Swedroe: Liquidity Key Price Factor

March 14, 2016

Liquidity—the ability to buy and sell significant quantities of a given asset, quickly, at low cost and without a major price concession—is valuable to investors. Therefore, they demand a premium as compensation for the greater risks and costs of investing in less liquid securities.

For example, liquidity risk partly explains the equity-risk premium. The average transaction costs on stock trades are far larger than they are on Treasury bills, which can be traded in large blocks of tens of millions of dollars in a single transaction without affecting their price.

The academic research has found that the illiquidity premium in stocks is positive and highly significant worldwide after controlling for global and regional common risk factors (such as beta, size and value).

Negativity Effect

Another important finding from the research is that the market requires a higher premium for liquidity sacrifice in negative environments, when investors holding illiquid equities become liquidity takers (divesting them, either to meet liquidity needs or due to panicked selling) and pay a steep price to do so. In other words, the liquidity premium is conditional on the state of the market—it’s much smaller in good times and much larger in bad times.

The finding of a liquidity premium is consistent with economic theory, which holds that assets that perform poorly in bad times (when marginal utility of consumption is higher) should carry large premiums. And what’s more, illiquid stocks (which tend to be smaller stocks) have greater sensitivity to liquidity shocks and thus also should carry premiums (helping to explain the size premium).

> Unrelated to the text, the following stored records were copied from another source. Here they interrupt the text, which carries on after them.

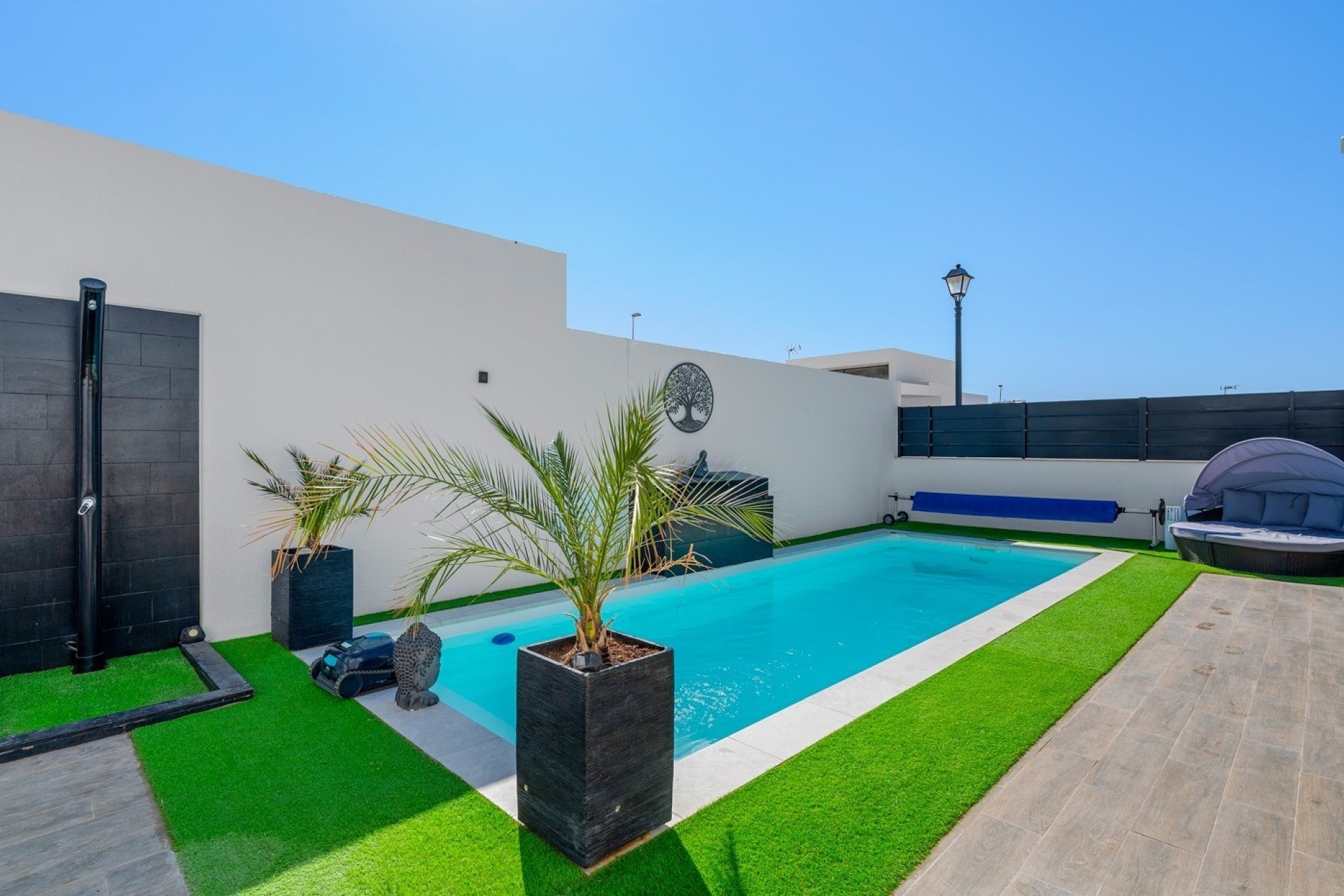 Reventa - Villa -
FORTUNA - LAS KALENDAS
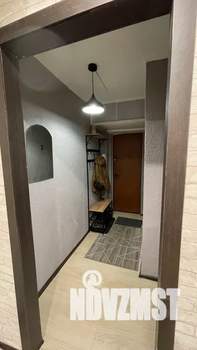 1-к квартира, посуточно, 34м2, 2/5 этаж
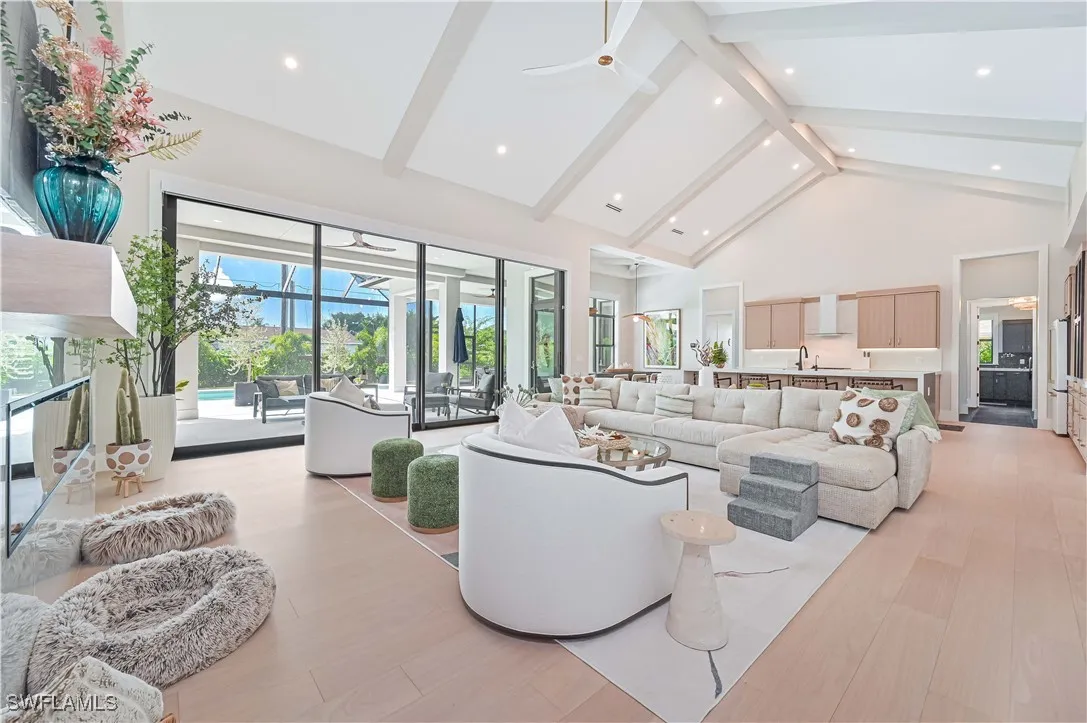 Naples, Florida, 34108, United States, 4 Bedrooms Bedrooms, ,5 BathroomsBathrooms,Residential,Active,1953233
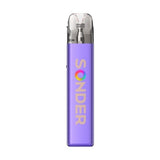 Geekvape Sonder Q2 Pod Kit 3ml 1350mAh
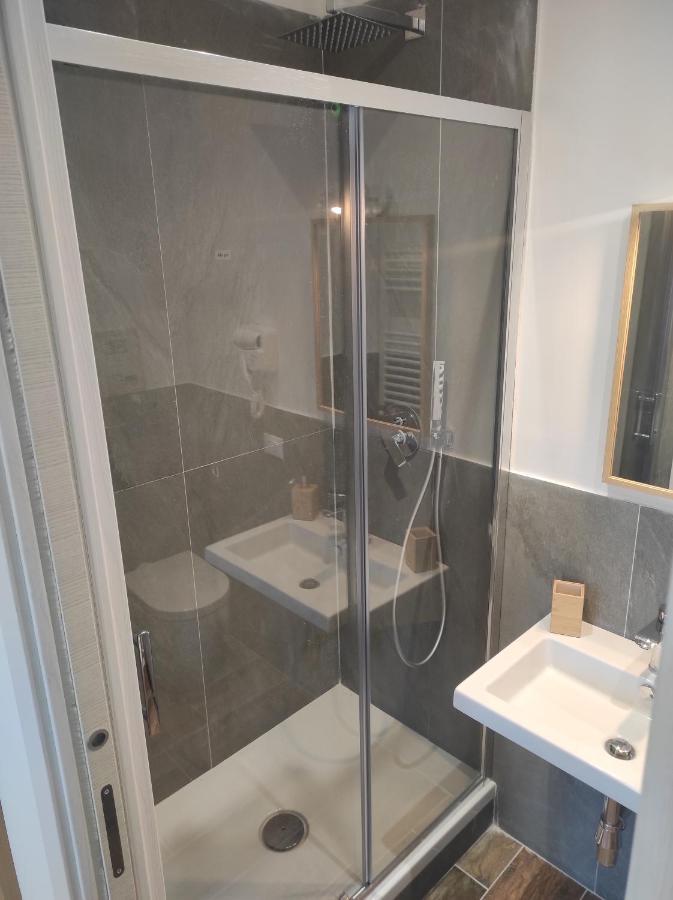Green Suite Palermo Παλέρμο Εξωτερικό φωτογραφία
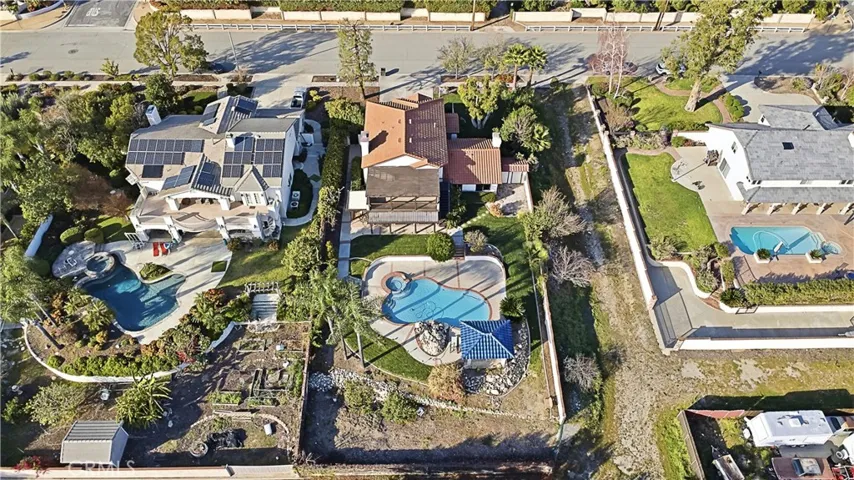 8093 Banyan, Rancho Cucamonga, California 91701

Stocks whose systematic liquidity risk rise more when funding illiquidity is worse have higher expected return. The finding of a liquidity premium also holds for corporate bonds. Corporate bond illiquidity increases monotonically when moving from safer bonds to riskier bonds, helping to explain their incremental yield.

Liquidity Preference

To summarize the theory and literature on equities and liquidity, investors care about stock illiquidity and thus demand higher expected returns on stocks that are more illiquid. Variations in illiquidity affect stock valuations.

Thus, investors not only prefer assets that are more liquid, they also prefer assets that have smaller exposure to liquidity shocks. In other words, they prefer assets whose prices fall less when market illiquidity rises, assets whose illiquidity rises less when market illiquidity rises, and assets whose illiquidity rises less when there is a marketwide decline in prices.